- Goal of the exercise -
Without any pictures, print the lines below from the one that has "永慶房屋「潮FUN推杯挑戰賽" through the one that has "Elegant modern interior", exactly and nothing else.

*** Opening The records ***

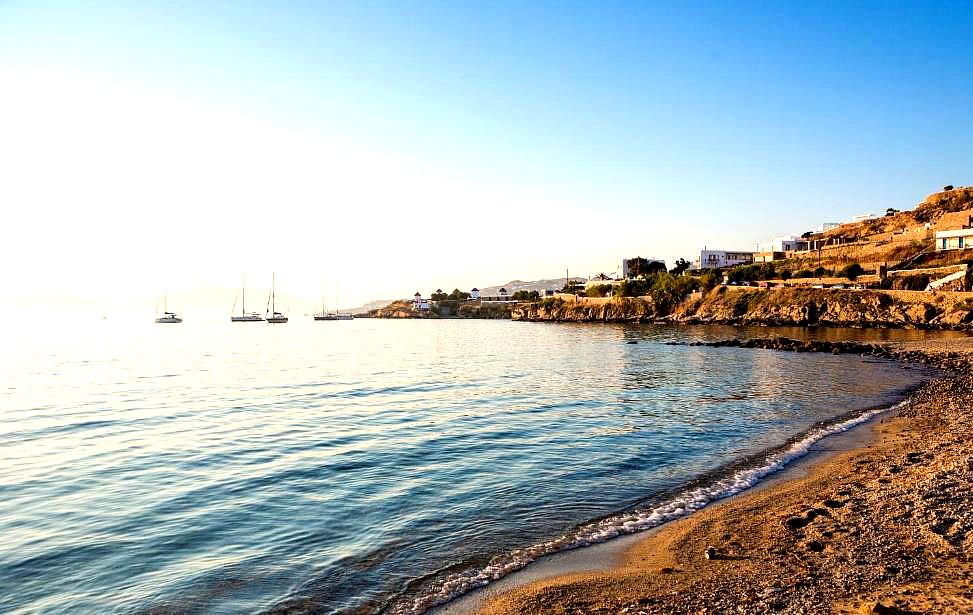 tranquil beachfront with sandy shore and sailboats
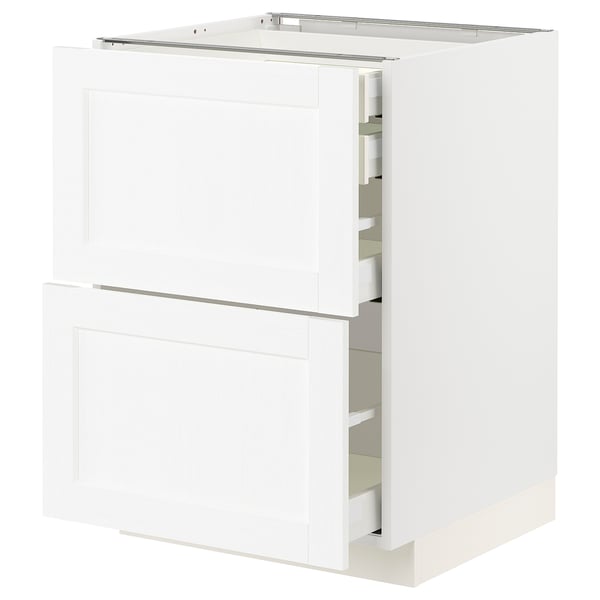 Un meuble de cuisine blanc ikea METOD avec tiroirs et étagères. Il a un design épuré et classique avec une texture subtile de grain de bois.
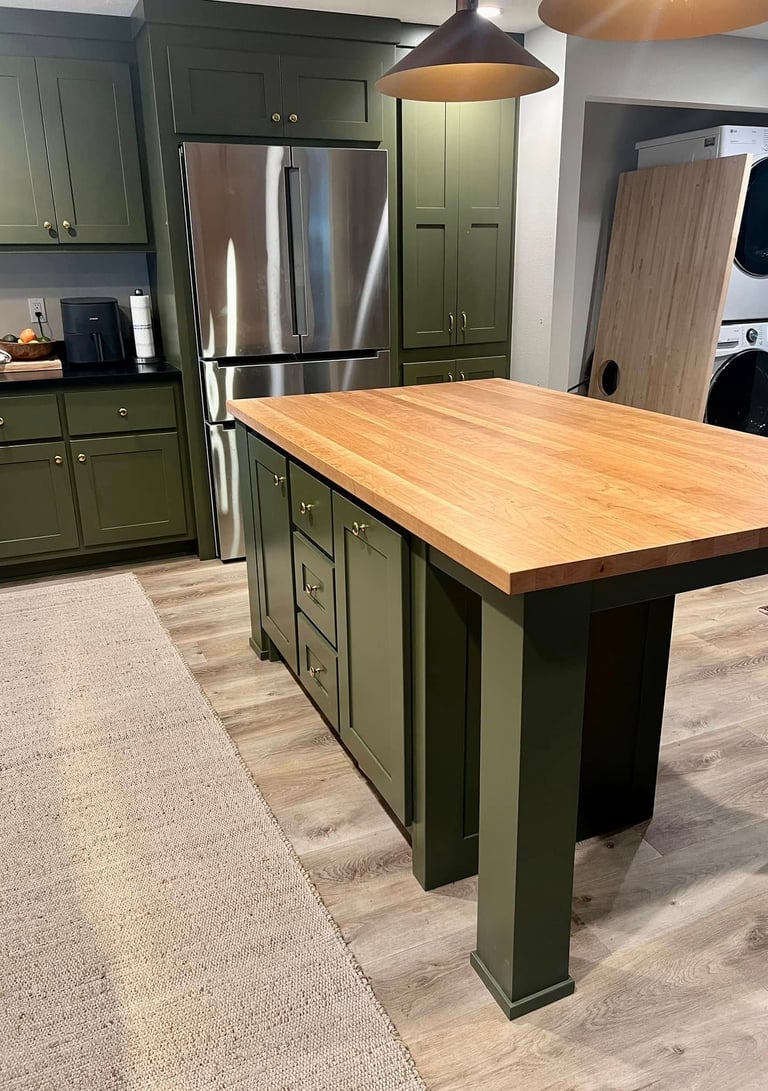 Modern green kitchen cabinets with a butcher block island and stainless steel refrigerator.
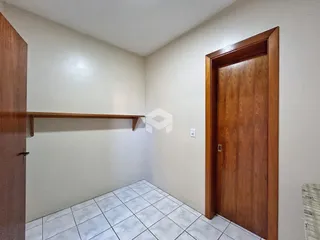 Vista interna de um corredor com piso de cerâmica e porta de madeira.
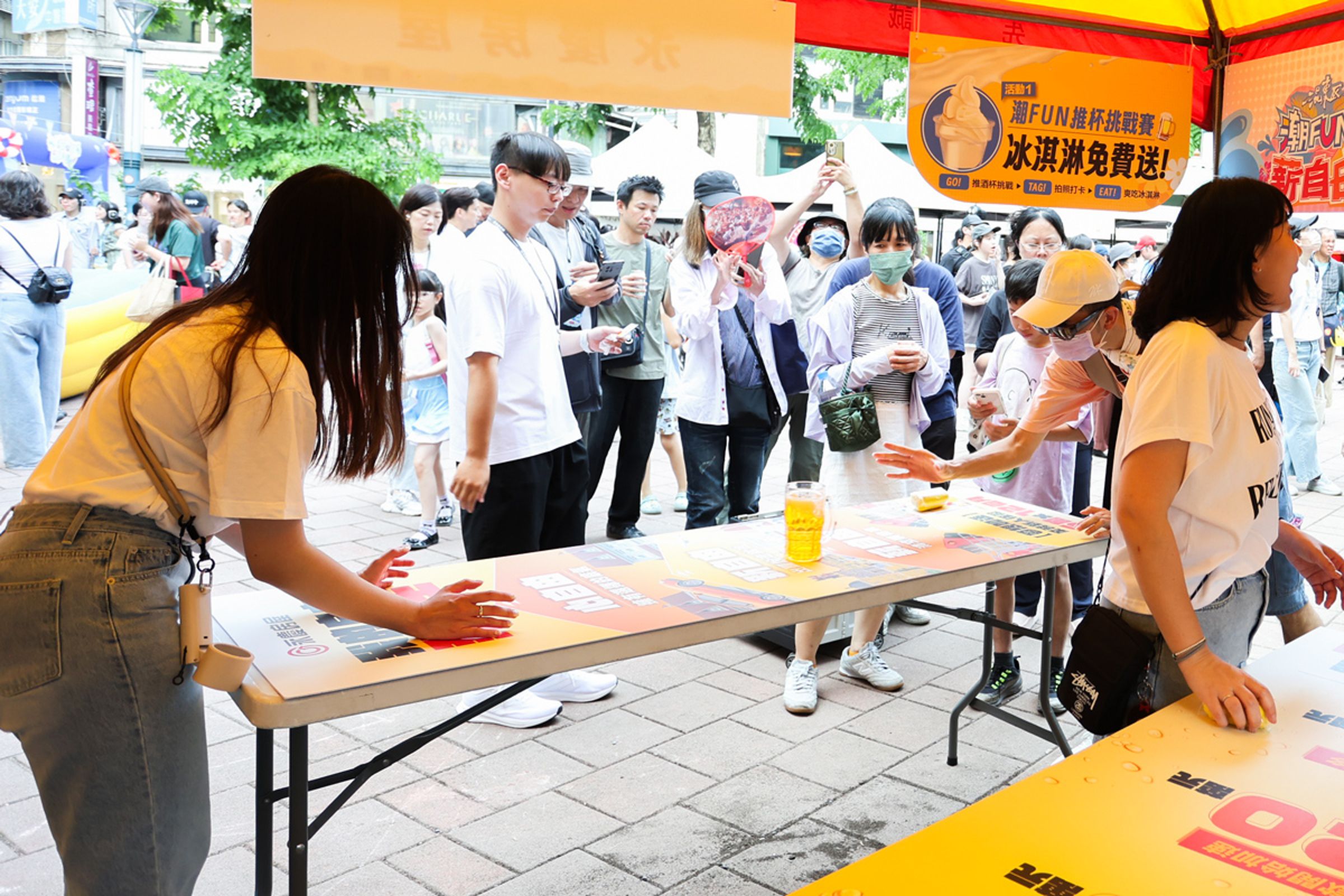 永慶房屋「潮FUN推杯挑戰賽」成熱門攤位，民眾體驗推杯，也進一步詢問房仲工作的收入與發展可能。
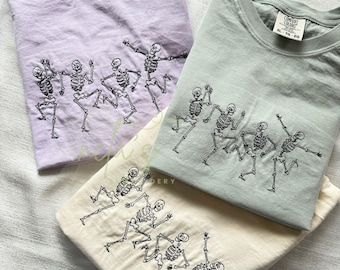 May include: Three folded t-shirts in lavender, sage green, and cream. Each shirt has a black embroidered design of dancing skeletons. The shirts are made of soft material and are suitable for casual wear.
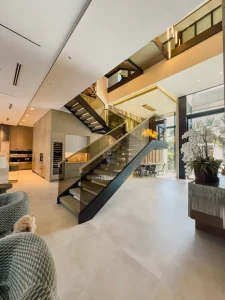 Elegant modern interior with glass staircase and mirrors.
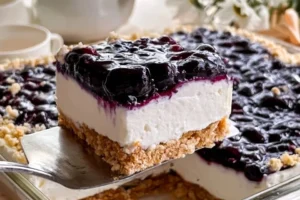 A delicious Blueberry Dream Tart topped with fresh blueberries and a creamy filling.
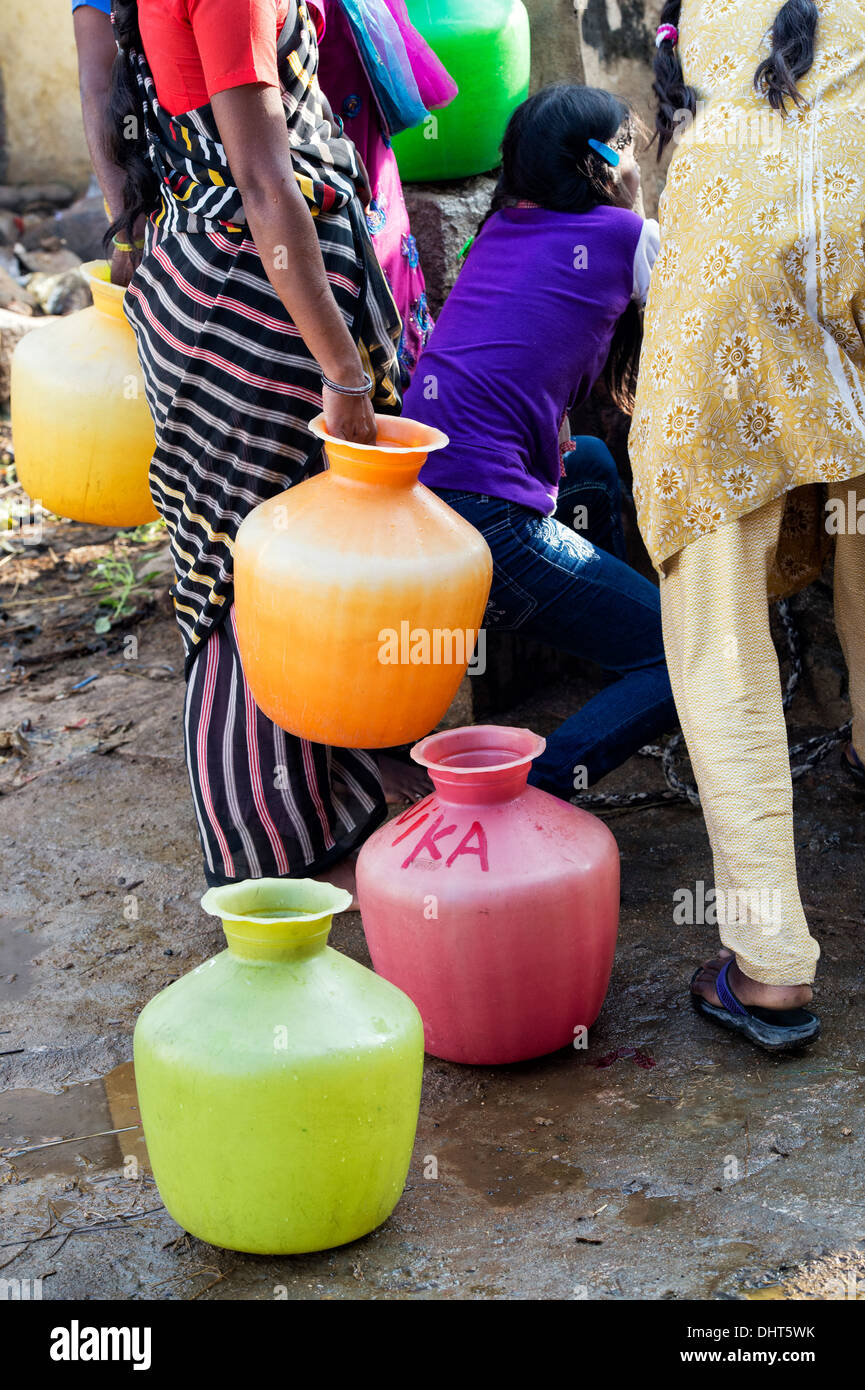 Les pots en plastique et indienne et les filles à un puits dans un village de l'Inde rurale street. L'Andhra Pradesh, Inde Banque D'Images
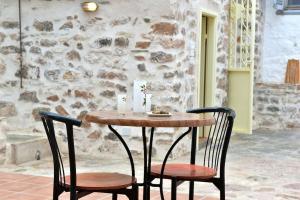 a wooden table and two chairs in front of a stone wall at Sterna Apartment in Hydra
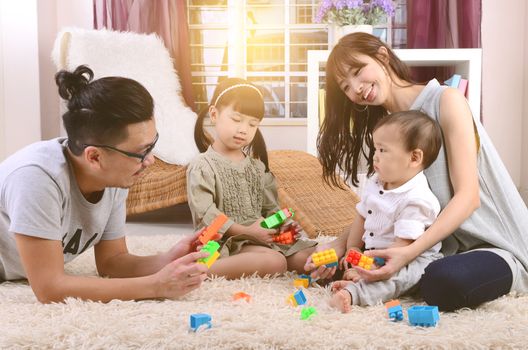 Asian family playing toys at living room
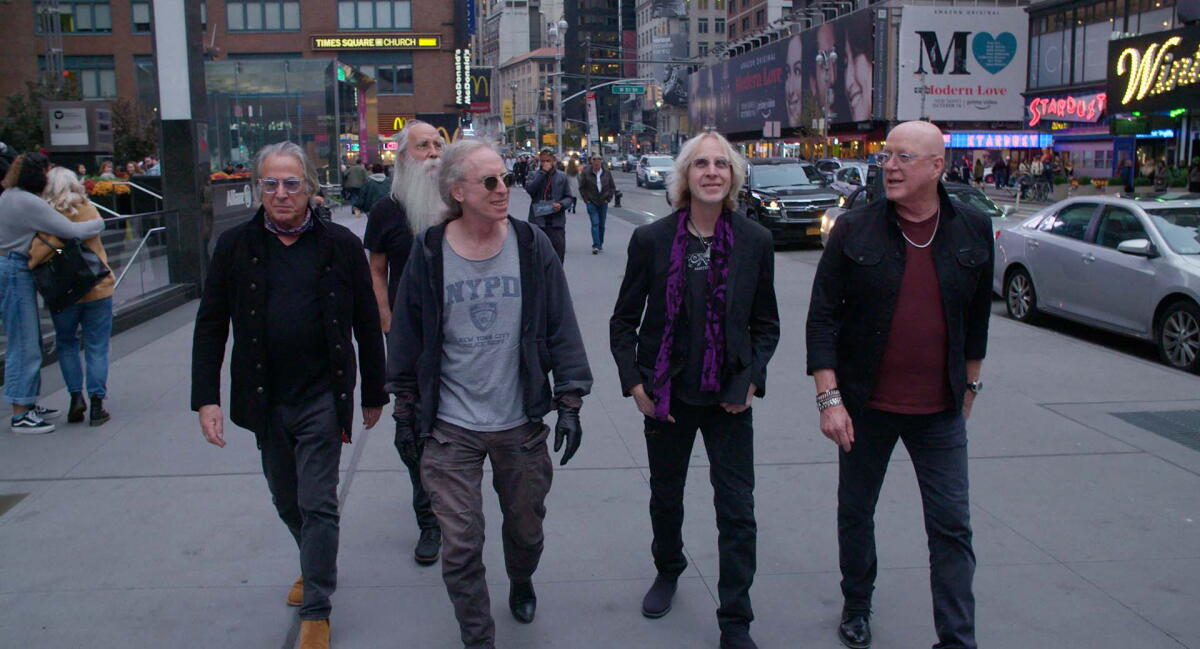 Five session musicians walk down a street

*** Closing The records ***

- Response below -
 永慶房屋「潮FUN推杯挑戰賽」成熱門攤位，民眾體驗推杯，也進一步詢問房仲工作的收入與發展可能。
 May include: Three folded t-shirts in lavender, sage green, and cream. Each shirt has a black embroidered design of dancing skeletons. The shirts are made of soft material and are suitable for casual wear.
 Elegant modern interior with glass staircase and mirrors.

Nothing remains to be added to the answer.